The VXLAN-to-VXLAN deployment is where the VXLAN Gateway communicates between VXLAN segments. Use this scenario when one VXLAN segment needs to communicate with another VXLAN segment.
When a packet traverses a VXLAN segment and enters the VXLAN Gateway, the VXLAN VTEP maps one VXLAN segment to another in the following way:
Decapsulates the VXLAN header.
Performs a route lookup of the customer packet.
Identifies that the next hop VLAN is in another VXLAN segment.
Encapsulates the packet with a new VXLAN header with a new VNID.
Forwards the packet out.
The following figure shows two virtualized servers attached to a Layer 3 infrastructure. The servers could be on the same rack, on different racks, or across data centers within the same administrative domain.

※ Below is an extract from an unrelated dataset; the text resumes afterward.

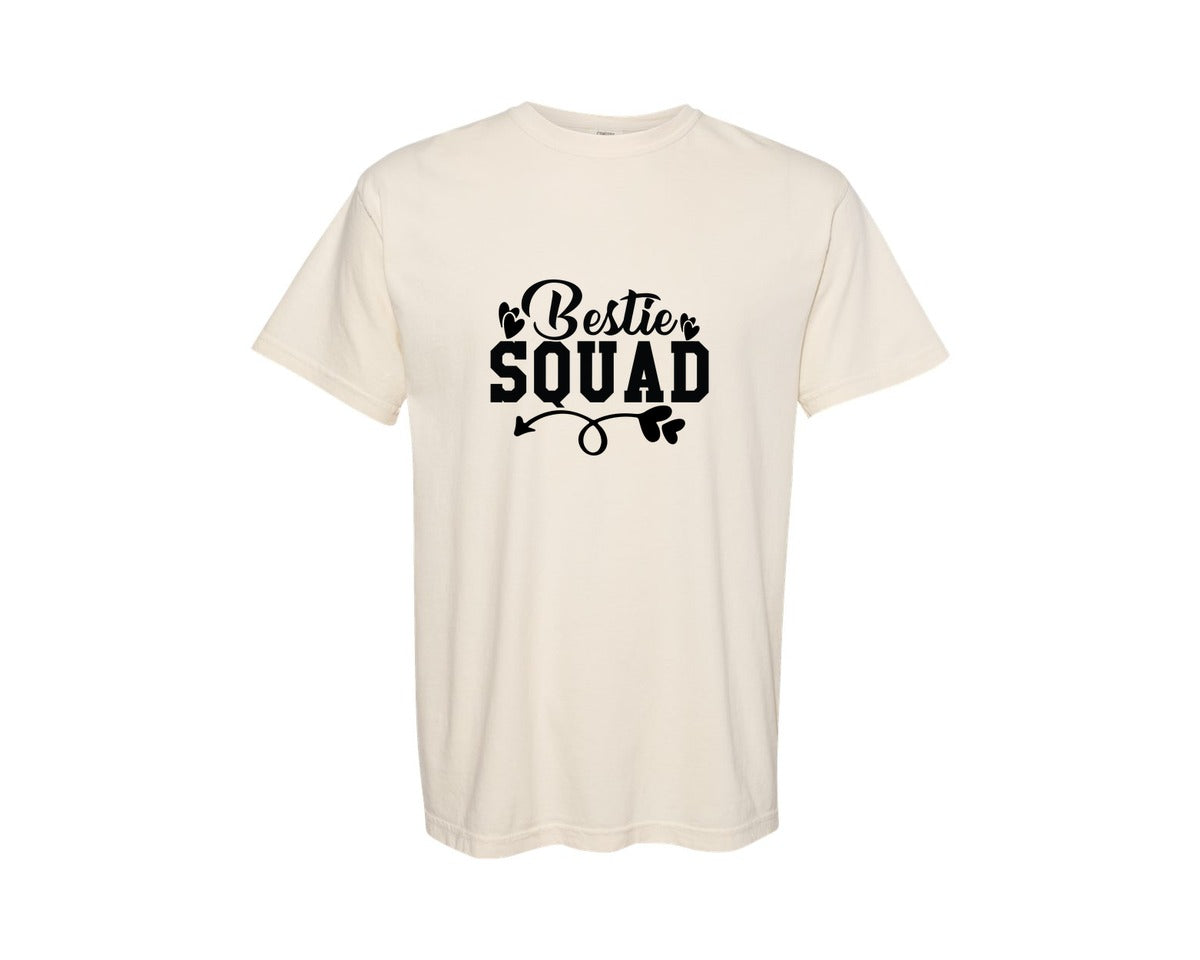 brand:Comfort Colors|color:Ivory|Bestie Squad 91 Graphic T-Shirt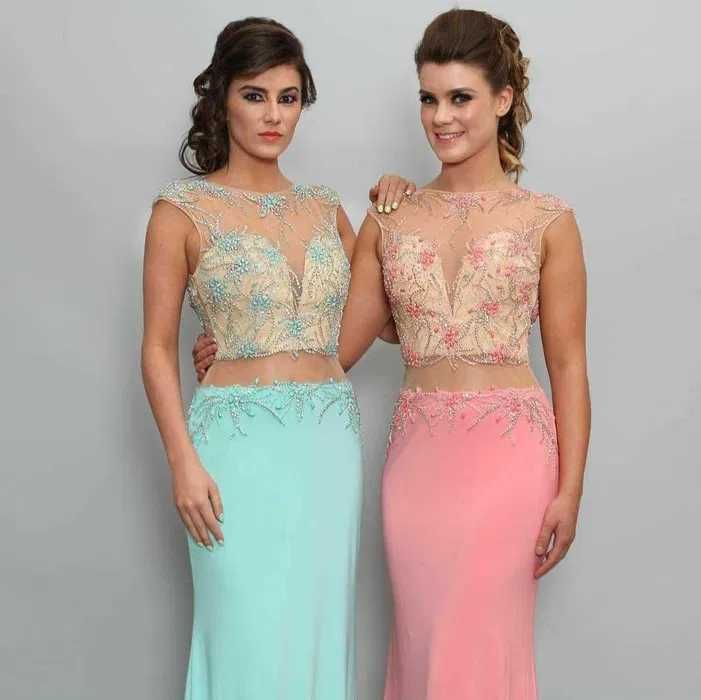 Эффектное свадебное платье в пол со шлейфом от Renee Couture UK 12_46р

There are four VXLAN overlay networks identified by the VNIDs: 22, 34, 74, and 98. Notice how the VMs are associated with a VNID. For example, VM1-1 in Server 1 and VM2-4 on Server 2 are on the same VXLAN overlay network identified by VNID 22.
The VMs do not know about the overlay networks and transport method because the encapsulation and decapsulation happen transparently at the VTEPs on Servers 1 and 2. The other overlay networks and the corresponding VMs are: VM1-2 on Server 1 and VM2-1 on Server 2 both on VNID 34, VM1-3 on Server 1 and VM2-2 on Server 2 on VNID 74, and finally VM1-4 on Server 1 and VM2-3 on Server 2 on VNID 98.